━━━━━ Material for this task ━━━━━

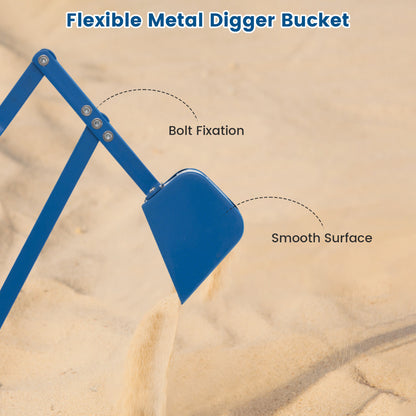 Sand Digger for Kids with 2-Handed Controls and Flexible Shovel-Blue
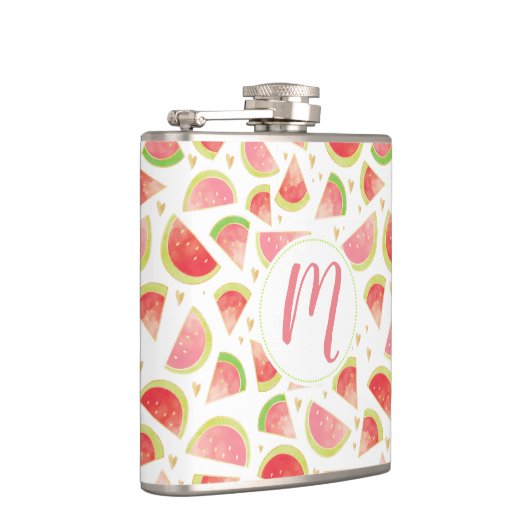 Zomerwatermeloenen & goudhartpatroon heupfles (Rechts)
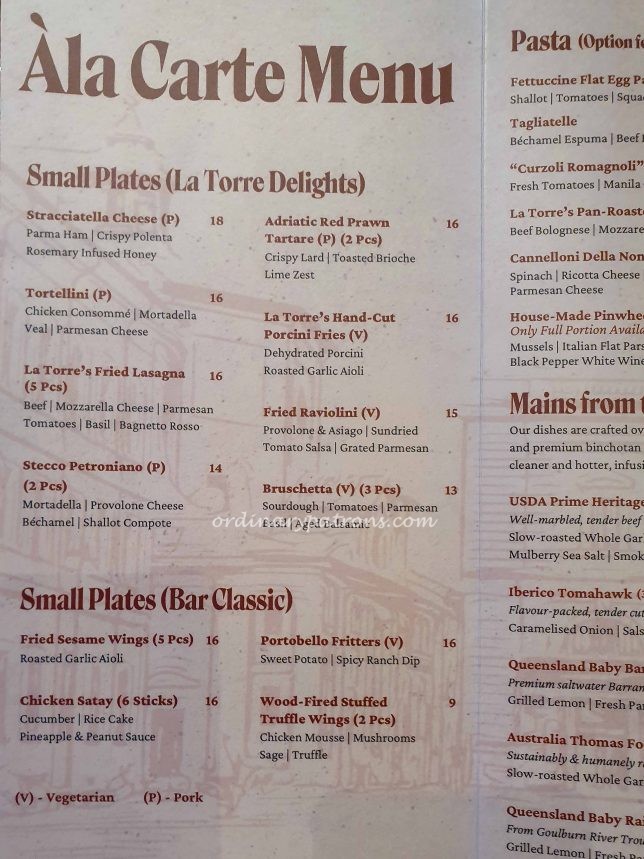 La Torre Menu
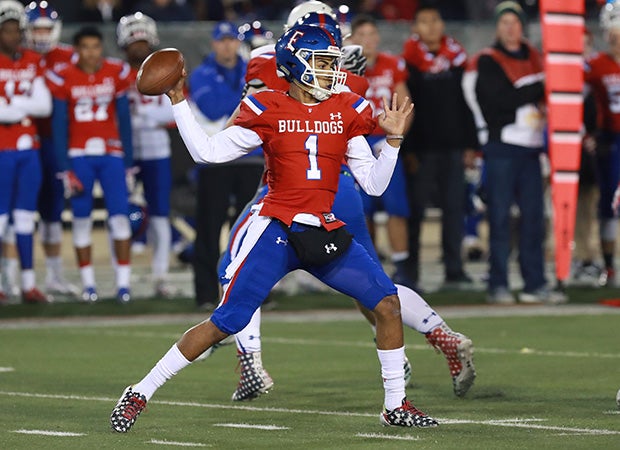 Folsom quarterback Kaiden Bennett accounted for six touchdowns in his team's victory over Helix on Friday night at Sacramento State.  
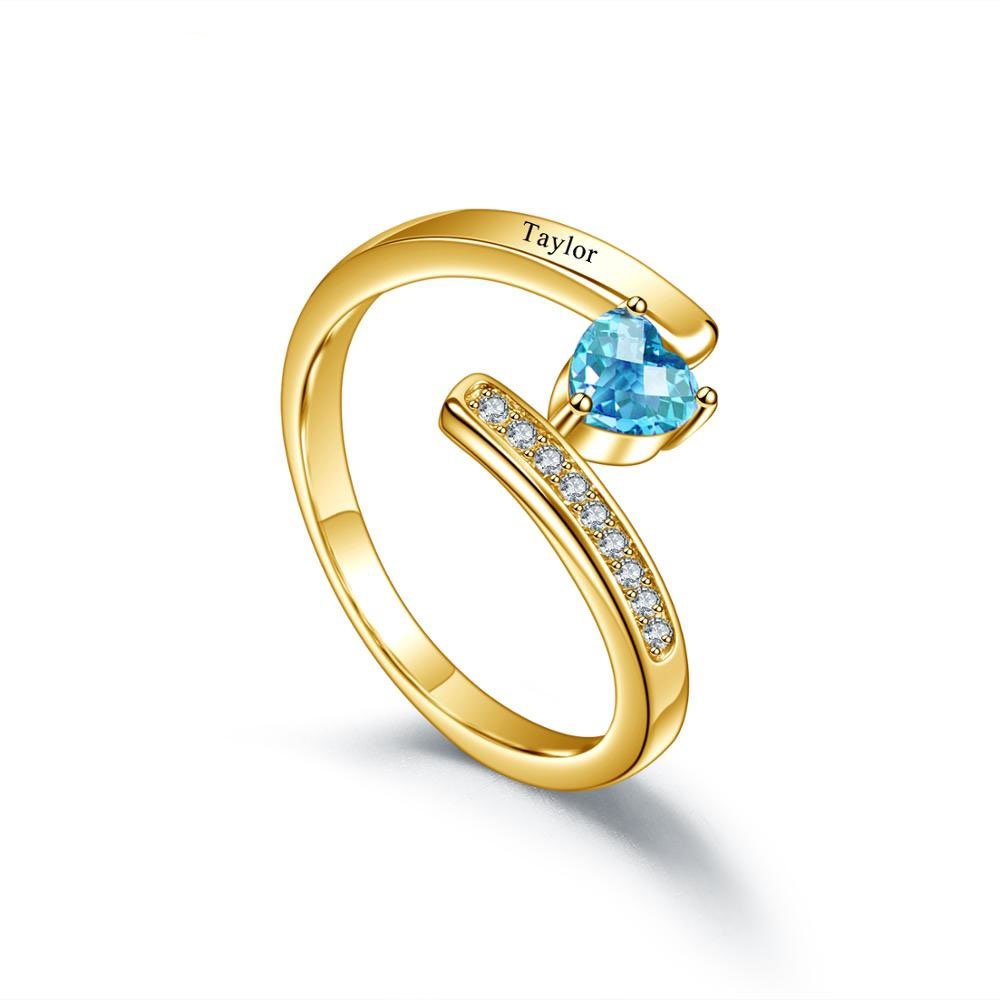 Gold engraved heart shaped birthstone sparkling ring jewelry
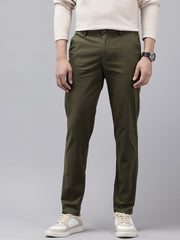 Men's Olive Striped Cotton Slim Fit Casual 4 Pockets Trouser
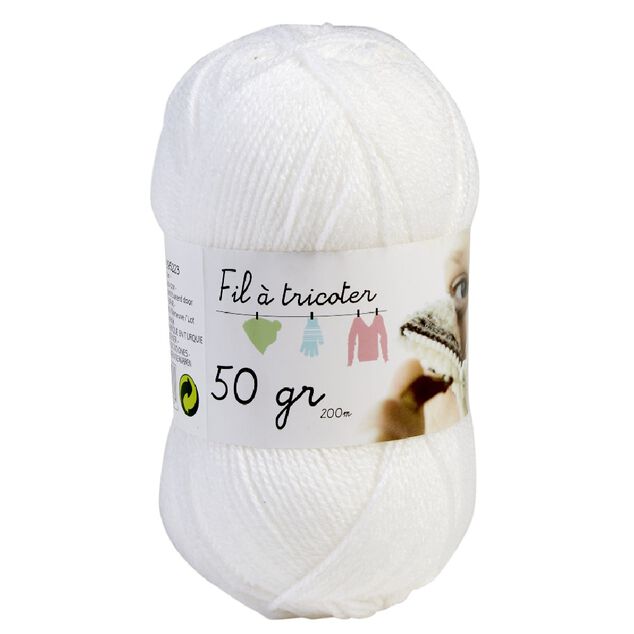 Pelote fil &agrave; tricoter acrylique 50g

━━━━━
━━━━━ Material for this task ━━━━━

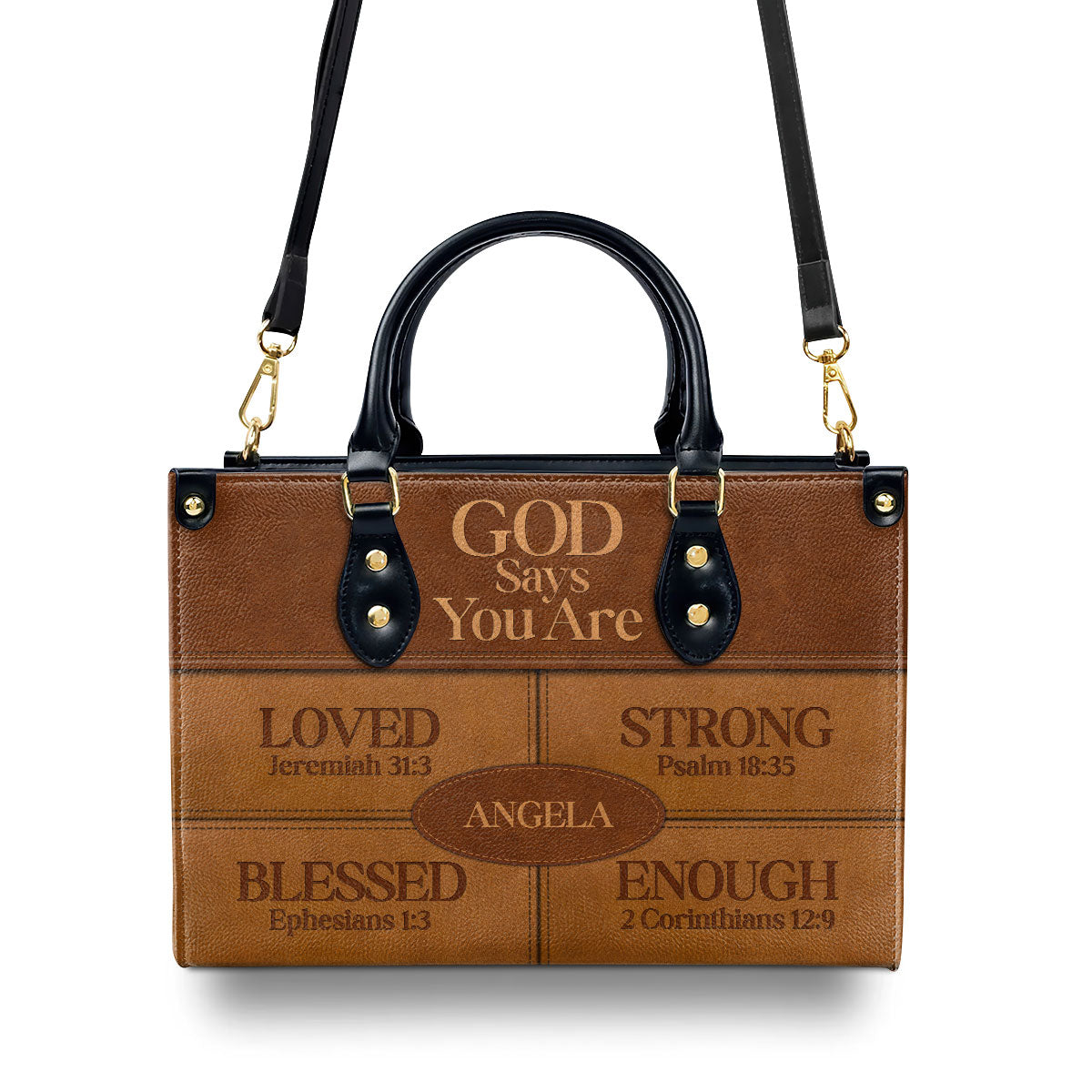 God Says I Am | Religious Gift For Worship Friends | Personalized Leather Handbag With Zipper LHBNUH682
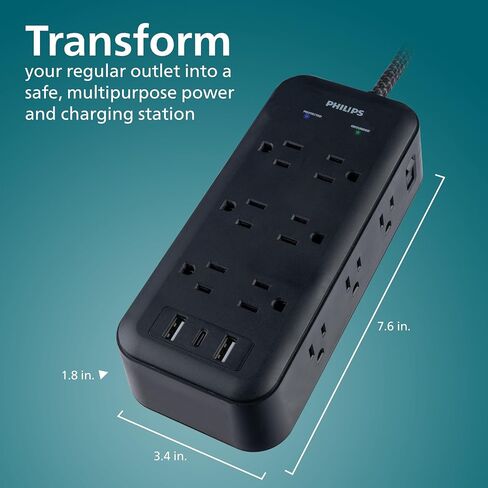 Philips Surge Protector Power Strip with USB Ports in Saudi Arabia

━━━━━
━━━━━ Material for this task ━━━━━

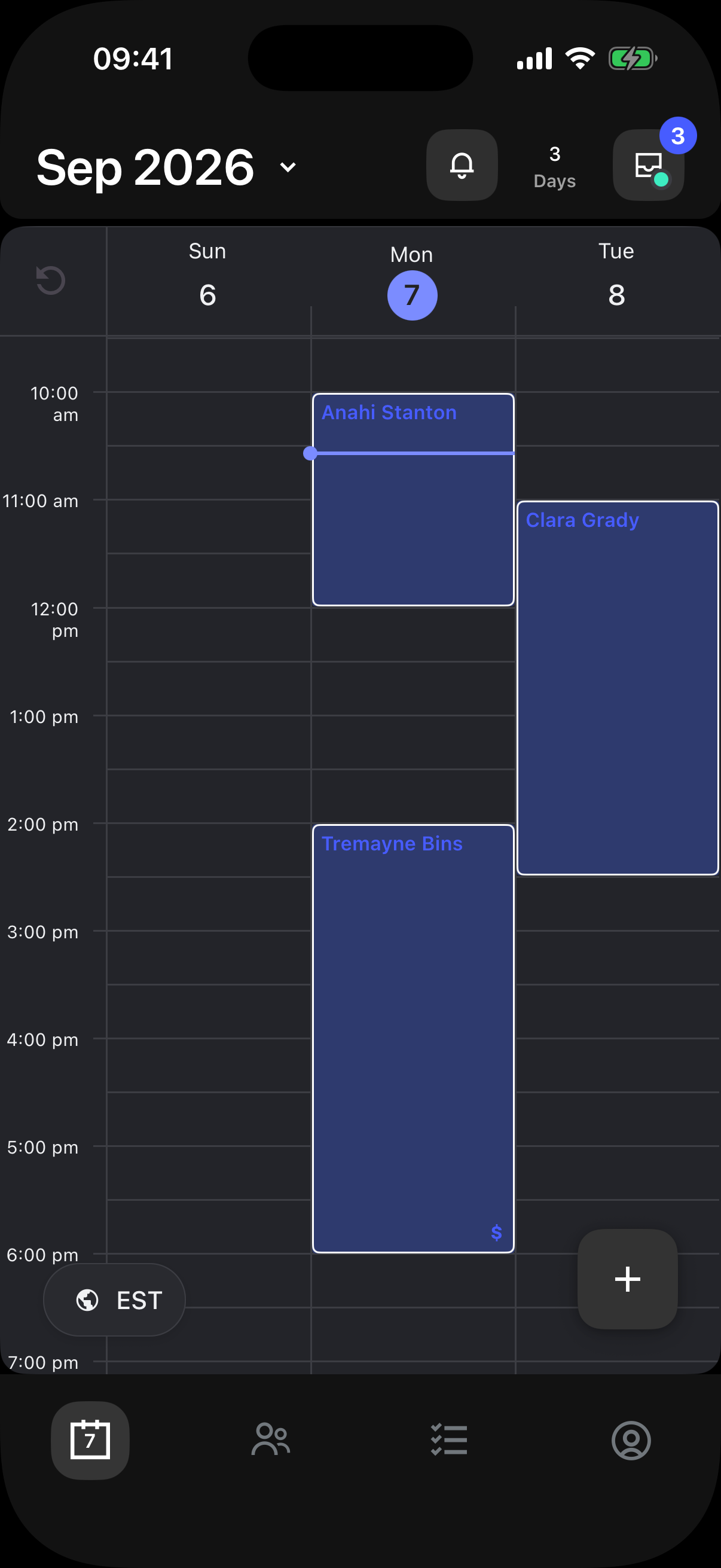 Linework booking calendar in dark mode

━━━━━

Exercise prompt -
Respond with the exact lines above running from the one containing "Sand Digger for" to the one containing "Pelote fil &agrave; tricoter acrylique 50g", both ends kept and no pictures included.

Response to the task -
 Sand Digger for Kids with 2-Handed Controls and Flexible Shovel-Blue
 Zomerwatermeloenen & goudhartpatroon heupfles (Rechts)
 La Torre Menu
 Folsom quarterback Kaiden Bennett accounted for six touchdowns in his team's victory over Helix on Friday night at Sacramento State.  
 Gold engraved heart shaped birthstone sparkling ring jewelry
 Men's Olive Striped Cotton Slim Fit Casual 4 Pockets Trouser
 Pelote fil &agrave; tricoter acrylique 50g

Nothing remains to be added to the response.